Although there is no doubt that a right to indemnification between a vessel owner and charterer exists when one is held liable for a fault for which the other is primarily liable, Iligan Integrated Steel Mills Corp. v. S.S. John Weyerhauser, 507 F.2d 68 (2d Cir.), cert. denied, 421 U.S. 965, 95 S.Ct. 1954, 44 L.Ed.2d 452 (1974); Demsey & Associates v. S.S. Sea Star, 461 F.2d 1009 (2d Cir. 1972); A/S Brovanor v. Central Gulf Steamship Corp., 323 F.Supp. 1029 (S.D.N.Y.1970), the question before us is whether Anglomar as indemnitee or Parcel as time charterer and indemnitor bears the burden of proving either fault or freedom from fault.


Parcel as time charterer makes three arguments in support of its contention that Anglomar must bear the burden of proving freedom from negligence in order to be indemnified by Parcel. First, Parcel contends that the Time Charter itself, which governs the relationship between Anglomar and Parcel, places the burden of proving freedom from negligence on Anglomar. Second, Parcel argues that a bailment relationship exists between a vessel owner and a time charterer with the time charterer as bailor and the vessel owner as bailee. Under federal bailment law, according to Parcel, if the time charterer can make out a prima facie case by establishing the loss of his goods, then the burden shifts to the bailee, the vessel owner, to prove that the non-existence of negligence is as probable as its existence.6 Finally, Parcel contends that by virtue of a "Clause Paramount" contained in the Time Charter, the terms of COGSA are incorporated into the Time Charter and governs the relations between the vessel owner and the time charterer. According to Parcel, once COGSA is brought into the Time Charter, the vessel owner becomes the "carrier" for the purposes of COGSA and the time charterer becomes the cargo interest, imposing upon the vessel owner the burden of a common carrier, once a prima facie case is made out, to come forward with evidence showing that the cargo was not damaged because of fault on its part.7 Because of our resolution of the first of these arguments, we need not address the second and third.

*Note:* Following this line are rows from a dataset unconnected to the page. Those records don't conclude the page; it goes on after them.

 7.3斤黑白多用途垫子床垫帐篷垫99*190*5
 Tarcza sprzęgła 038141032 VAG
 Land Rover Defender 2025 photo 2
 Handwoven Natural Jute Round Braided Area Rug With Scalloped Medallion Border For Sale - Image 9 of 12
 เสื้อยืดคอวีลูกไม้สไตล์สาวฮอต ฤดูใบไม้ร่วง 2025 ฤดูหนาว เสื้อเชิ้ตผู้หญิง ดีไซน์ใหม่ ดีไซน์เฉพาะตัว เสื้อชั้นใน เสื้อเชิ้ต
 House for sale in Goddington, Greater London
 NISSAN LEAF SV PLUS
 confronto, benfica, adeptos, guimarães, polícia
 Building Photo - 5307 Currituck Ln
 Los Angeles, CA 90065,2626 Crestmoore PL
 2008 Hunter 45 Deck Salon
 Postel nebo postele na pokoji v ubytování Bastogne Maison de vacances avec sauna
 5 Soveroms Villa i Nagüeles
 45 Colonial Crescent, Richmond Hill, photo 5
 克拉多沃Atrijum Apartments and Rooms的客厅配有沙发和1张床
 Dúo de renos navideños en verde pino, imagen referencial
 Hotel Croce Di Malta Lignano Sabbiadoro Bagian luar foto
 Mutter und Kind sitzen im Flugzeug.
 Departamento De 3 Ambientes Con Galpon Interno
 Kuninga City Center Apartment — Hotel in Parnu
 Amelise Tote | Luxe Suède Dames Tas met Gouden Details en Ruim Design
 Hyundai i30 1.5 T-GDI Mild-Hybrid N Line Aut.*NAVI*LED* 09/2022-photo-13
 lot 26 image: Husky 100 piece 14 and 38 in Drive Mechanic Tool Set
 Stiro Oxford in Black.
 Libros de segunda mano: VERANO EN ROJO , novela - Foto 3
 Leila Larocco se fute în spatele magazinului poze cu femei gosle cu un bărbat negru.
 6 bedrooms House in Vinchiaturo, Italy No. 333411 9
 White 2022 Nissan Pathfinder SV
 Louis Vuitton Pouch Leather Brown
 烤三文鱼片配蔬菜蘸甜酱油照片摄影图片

Under a Time Charter, the charterer engages for a fixed period of time a vessel, which remains manned and navigated by the vessel owner, to carry cargo wherever the charterer instructs. Under a voyage charter the charterer engages the vessel to carry goods only for a single voyage; and under a demise, or bareboat, charter, the charterer takes complete control of the vessel, mans it with his own crew, and is treated by law as its legal owner. See Gilmore & Black, supra, § 4-1, at 193.


As a general rule, as between a time charterer and a vessel owner, the responsibility for cargo loss falls on the one who agreed to perform the duty involved. See Bauer, Responsibilities of Owner and Charterer to Third Parties Consequences under Time and Voyage Charters, 49 Tul.L.Rev. 995, 1009 (1975). Although a time charterer is invariably responsible for such business matters as what ports to touch, and what cargo to load and the vessel owners are responsible for navigation and seaworthiness, the Time Charter may specify which party has the duty to load, stow and discharge the cargo. See Georgia Pacific Corp. v. Motorship Marilyn, 331 F.Supp. 776 (E.D.Va.1971), and A/S Brovanor v. Central Gulf Steamship Corp., supra (where charterers had duty to load, stow and discharge). In the absence of any special provision in the Time Charter, however, the duty to load, stow and discharge cargo and the consequences for failing to do so properly fall upon the ship and her owner. This principle of admiralty jurisprudence is recognized in both America and England. Nichimen Company v. M. V. Farland, 462 F.2d 319, 330 (2d Cir. 1972) (and cases cited therein). We are called upon, then, to determine in the present case whether the responsibility for discharge of cargo has been shifted to the charterer, either by a charter party provision or by action or custom of the parties.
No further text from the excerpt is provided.